Risiede pertanto nella consapevolezza dell'intenzione la distanza tra una foto che esprime la pienezza sensoriale e creativa del nostro essere in viaggio, e la banale preda fotografica che - dall'arte alla letteratura - legittima la considerazione della macchina fotografica come tratto caratterizzante lo stereotipo stesso del turista. Ovvero di colori i quali, coltivando l'illusione di possedere il mondo attraverso le fotografie, "tutto ciò che non è fotografato è perduto" ('Le follie del mirino' Italo Calvino), sentendosi così "costretti a mettere la macchina fotografica tra sé stessi e tutto ciò che di notevole incontrano", ma le cui immagini " restano dominate nella loro intenzione e nella loro estetica da funzioni estrinseche", e che "esprimendo sovente solo l'incontro contingente e personale tra il fotografo e il suo soggetto, perdono ogni significato e ogni valore quando siano osservate in sé e per sé da uno spettatore indifferente all'avventura singolare di chi le ha riprese" (Pierre Bourdieu).

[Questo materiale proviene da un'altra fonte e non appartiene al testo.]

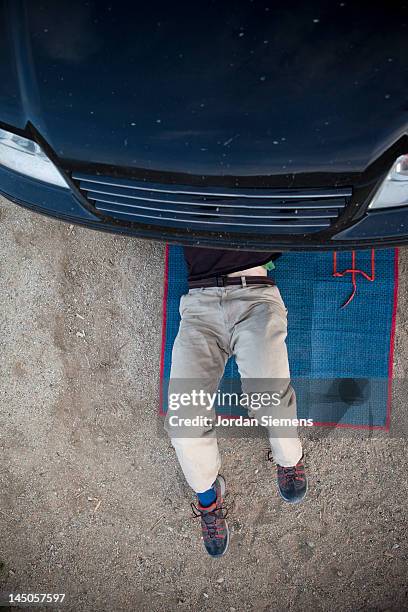 man fixing a car. - car mat stock pictures, royalty-free photos & images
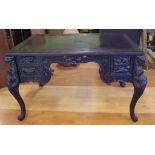Ornately carved vintage Chinese lacquered desk with 2 drawers and a single door compartment to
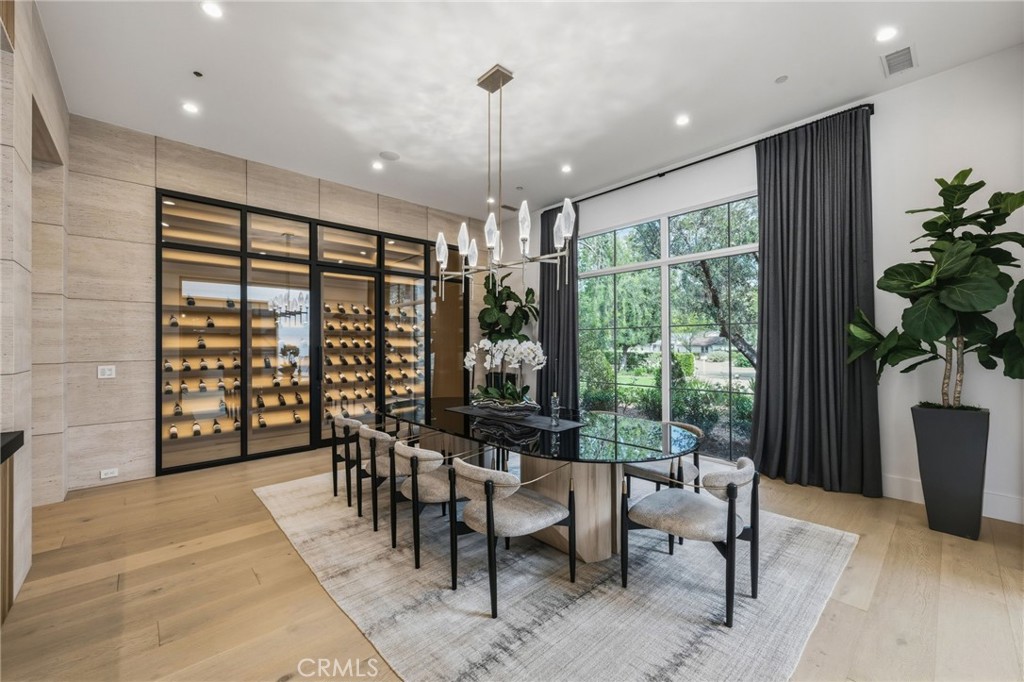 5241 Twin Oaks Road Hidden Hills, CA 91302 - Photo 11 of 69 a dining room with furniture and a floor to ceiling window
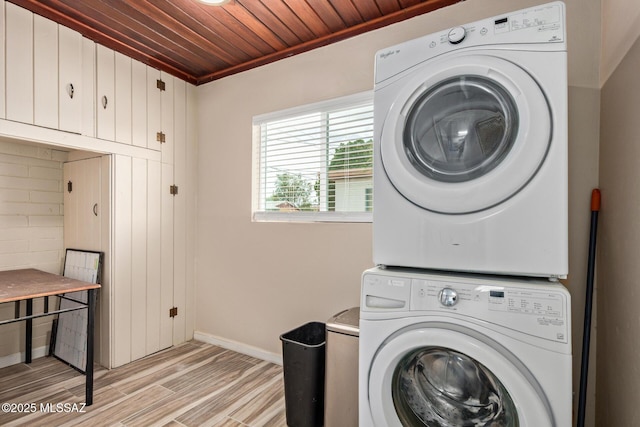1239 N Beverly Ave, Tucson, AZ 85712 - laundry area with stacked washer / dryer, baseboards, wood ceiling, light wood-style floors, and cabinet space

Quanto poi alla straordinaria capacità della fotografia di farsi narrazione del viaggio, con la sua forza evocativa e insieme onirica, è confermata dai frequenti intrecci e contaminazioni con la letteratura, anch'essa da sempre inestricabilmente legata al viaggio: oltre ad aver scelto di esprimersi con la fotografia, sono molti gli scrittori che hanno intrapreso l'esperienza del viaggio insieme ad un fotografo, dalla coppia Strand-Zavattini, ai più recenti Fossati-Messori, e Altan-Bulaj, "non ha solo osservato" dirà Altan della sua speciale compagna di viaggio, "ha modificato, se non contribuito a costruire il viaggio. La sua presenza ha dilatato le percezioni, aumentato le occasioni d'incontro. Talvolta ho notato delle cose solo dietro al suo obiettivo. Oggi so parecchie cose in più"
Dunque "saremmo stati qui" potremmo dire con Walter Benjamin, al termine di questi brevi appunti, e soprattutto, di fronte alle nostre foto di viaggio, continuando a coltivare anche, oltre il viaggio, il salutare esercizio del dubbio, capace di trasformare, con la sua messa in discussione dell'immediatezza del senso comune, l'esperienza in sapere, e di rivelarci così il mondo da un'altra prospettiva.